La première innovation consiste dans l’écriture chorale du film : alors que les réalisateurs ont pris pour habitude de se focaliser sur un personnage pour le suivre en permanence et investir son chemin de croix, ils papillonnent désormais d’une histoire à l’autre. L’occasion d’un tableau exhaustif des situations, d’une variété de problématiques et de tempéraments des protagonistes. Cela ménage surtout la possibilité d’un éventail plus large de tonalités et de traitement des destinées, puisqu’il s’agit aussi de montrer les bénéfices d’une telle structure et la façon dont certaines d’entre elles peuvent s’en sortir.
La force du film réside dans cette exploration complexe de la maternité pour des femmes qui n’ont pas désiré l’enfant et doutent très clairement de pouvoir le garder. Les plus belles scènes se construisent sur les gestes, et l’apprentissage, par les éducatrices, des soins à apporter à l’enfant, de la responsabilisation des mères et la lente construction d’un . Ce geste dénué de parole structure le film : dans l’ouverture, c’est un massage qui permet à une résidente d’en calmer une autre en lui faisant prendre conscience de chaque partie de son corps.
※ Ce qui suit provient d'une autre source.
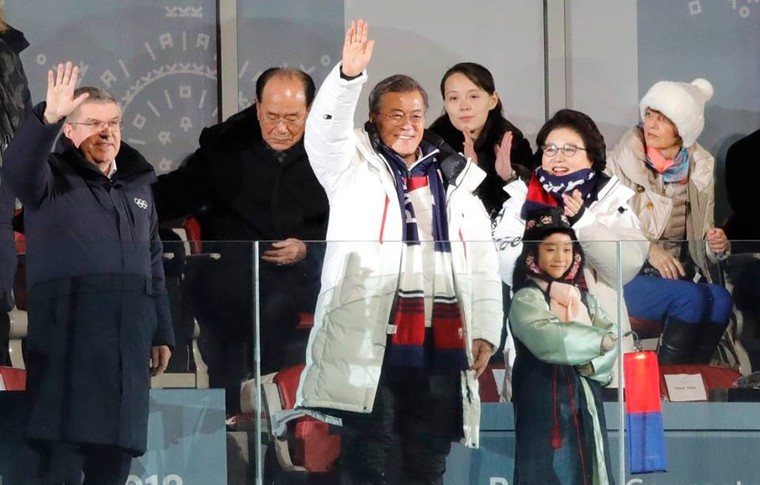 Chùm ảnh ấn tượng về lễ khai mạc Thế vận hội Hàn Quốc 2018 ảnh 5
Au cœur du film, c’est la question de la prise dans les bras, et des révélations qu’elle est censée ou non générer. Et dans l’une des plus belles scènes, c’est le soin avec lequel une adolescente écrit et plie une lettre qu’elle adresse à sa fille.
Ce traitement constructif du silence ne suffit cependant pas aux frères Dardenne, qui poursuivent la dramaturgie plus classique de leur cinéma par des séquences dialoguées qui vont considérablement affaiblir le film. La visée documentaire les oblige à intégrer dans les répliques l’exposition des faits, dans une écriture scolaire et lourde, du type « Je t’ai embauchée quand tu sortais de l’orphelinat, parce que j’avais pitié, mais je regrette parce que tu as fait un enfant à mon fils pour qu’il puisse avoir des parents riches ». Dans le même registre, les Dardenne ont de plus en plus de mal à faire parler la jeunesse (un ado sortant de prison dit à une jeune mère « J’ai réfléchi et c’est mieux qu’on ne se voie plus ») et dynamitent de nombreuses scènes par cette écriture déconnectée du réel.
On oubliera probablement ces maladresses au profit des regards et des babillements des enfants, qui centralisent tous les enjeux de ce film, pour une fois, résolument tourné vers l’avenir.